Records contained in a dataset
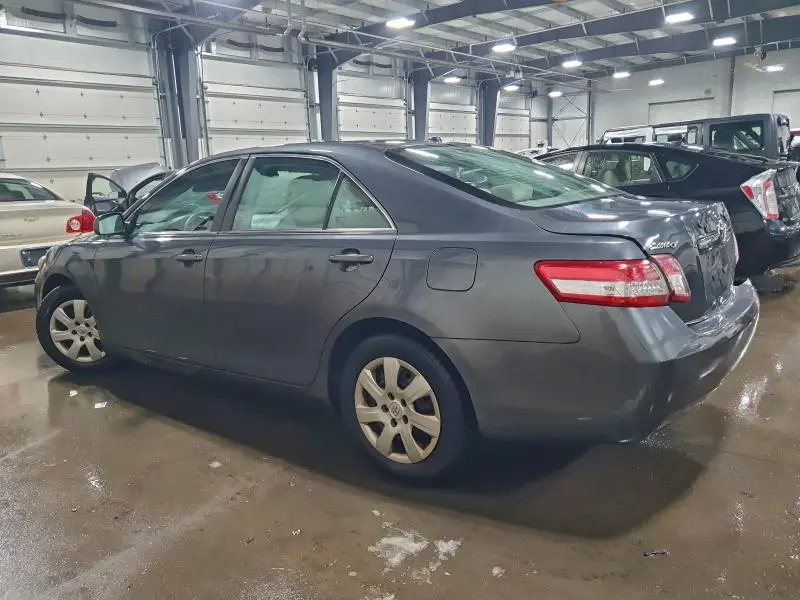 2010 TOYOTA CAMRY BASE  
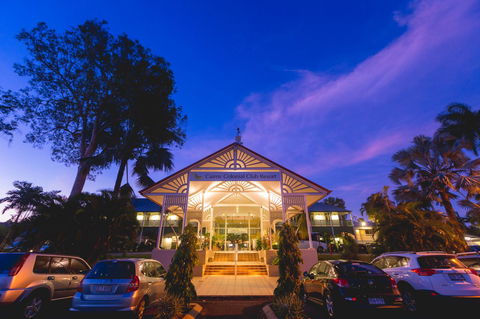 Cairns Colonial Club Resort - Brisbane Tourism 14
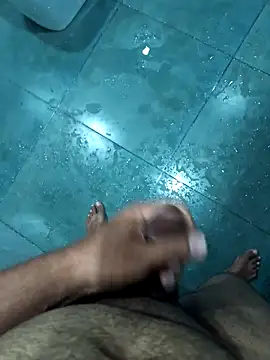 Snapshot of bobyyboyy1 chatting on 02/21/26, 04:02 bobyyboyy1 online show from 02/21/26, 04:02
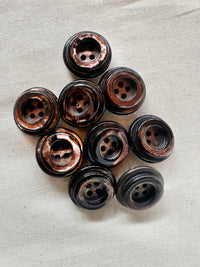 Vintage Italian Wine Shell Chunky Buttons - Wine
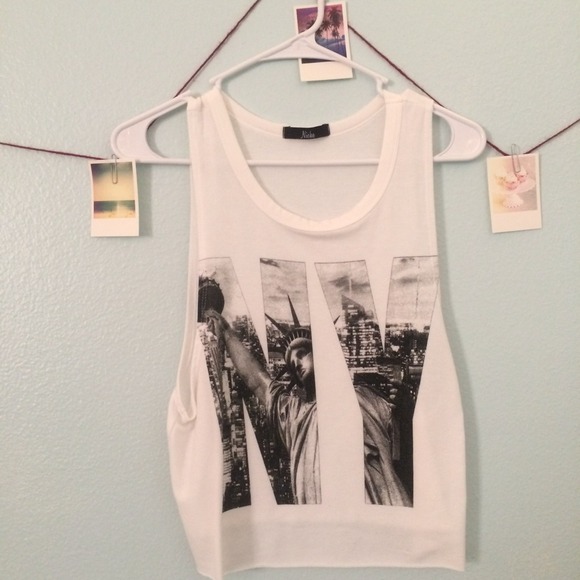 NY Graphic Top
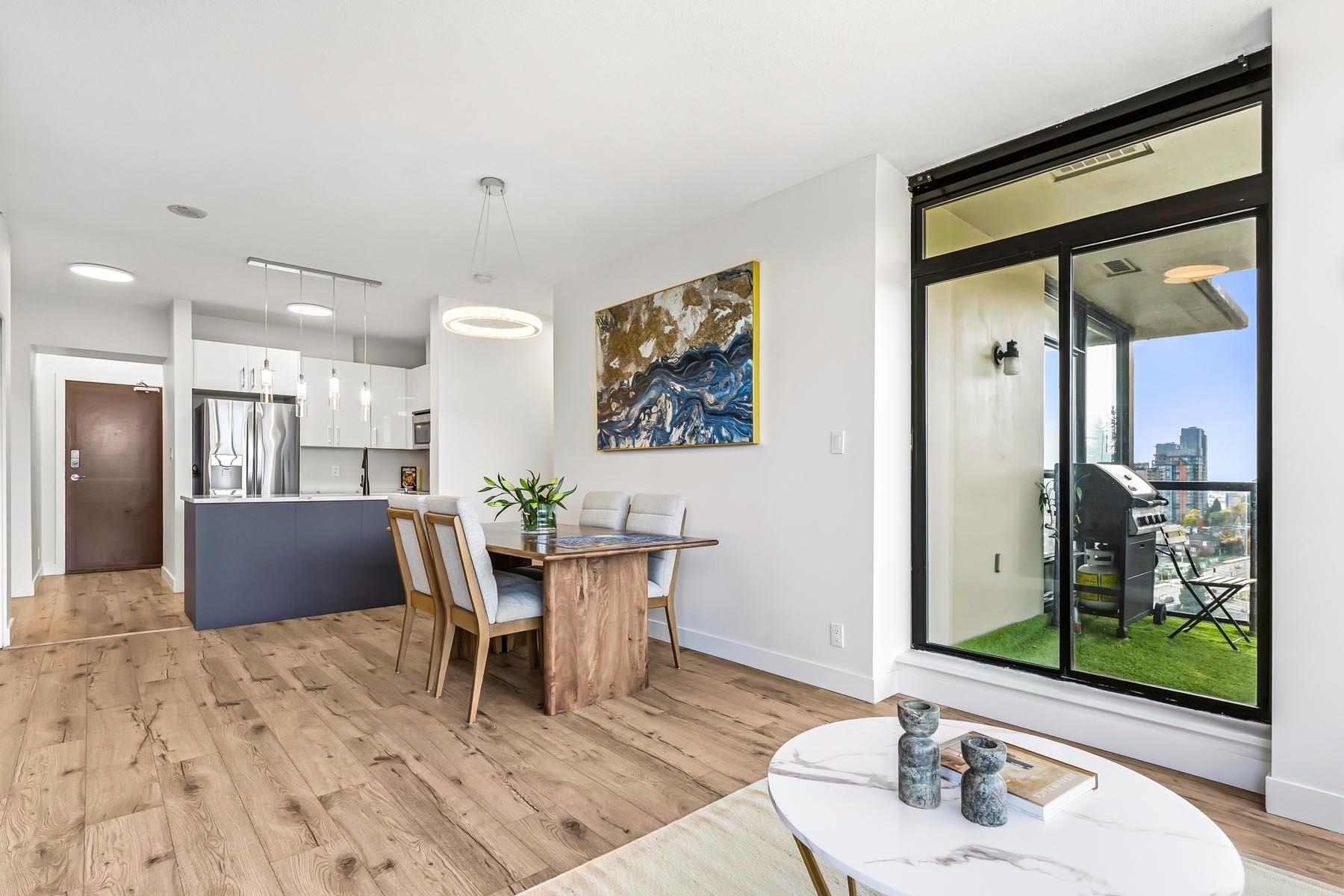 15 E Royal Avenue 1701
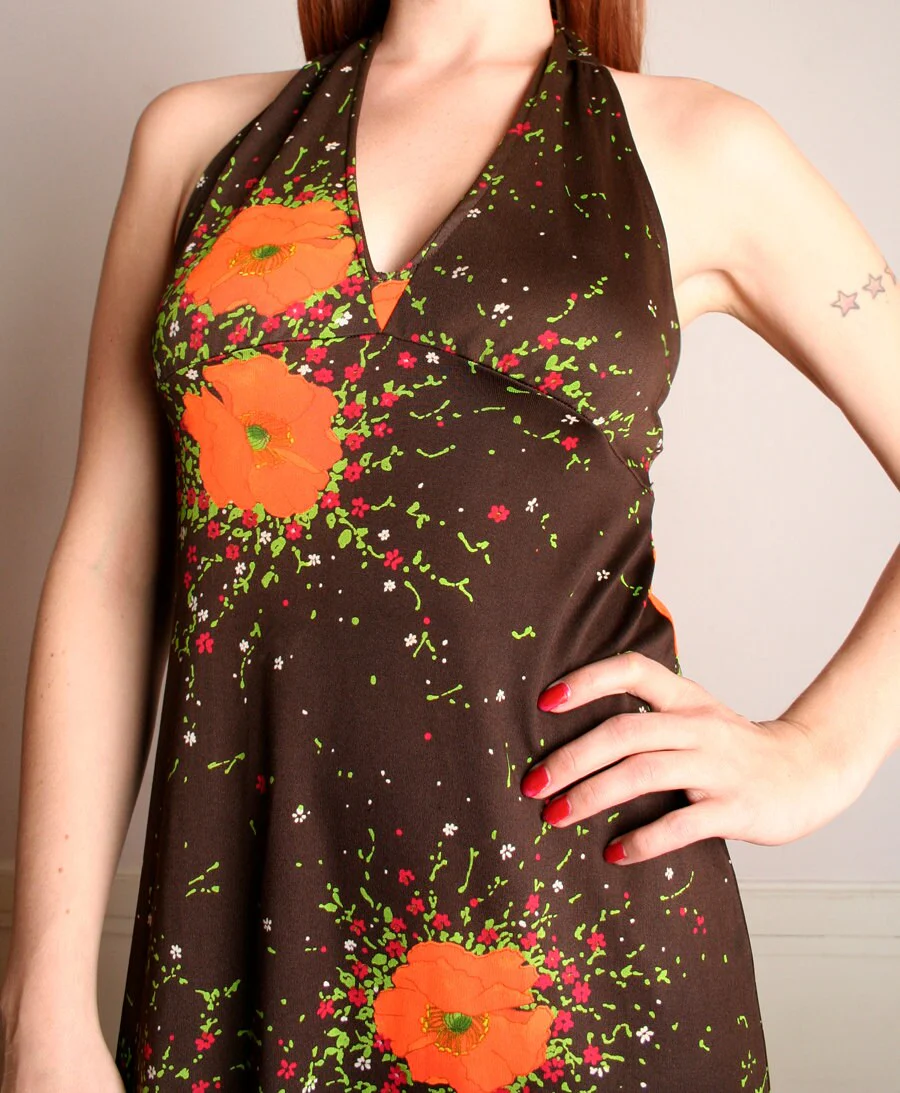 Vintage 70s Maxi Dress - Tangerine Floral Poppy Print Halter Maxi Floor Length Gown Bohemian Festival Brown Autumn - Small Medium - Image 7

_THE PROBLEM:_ Give again, word for word, each line from the one holding "Vintage Italian Wine" through the end of the entries, and leave out any picture.

_WRITTEN ANSWER:_
 Vintage Italian Wine Shell Chunky Buttons - Wine
 NY Graphic Top
 15 E Royal Avenue 1701
 Vintage 70s Maxi Dress - Tangerine Floral Poppy Print Halter Maxi Floor Length Gown Bohemian Festival Brown Autumn - Small Medium - Image 7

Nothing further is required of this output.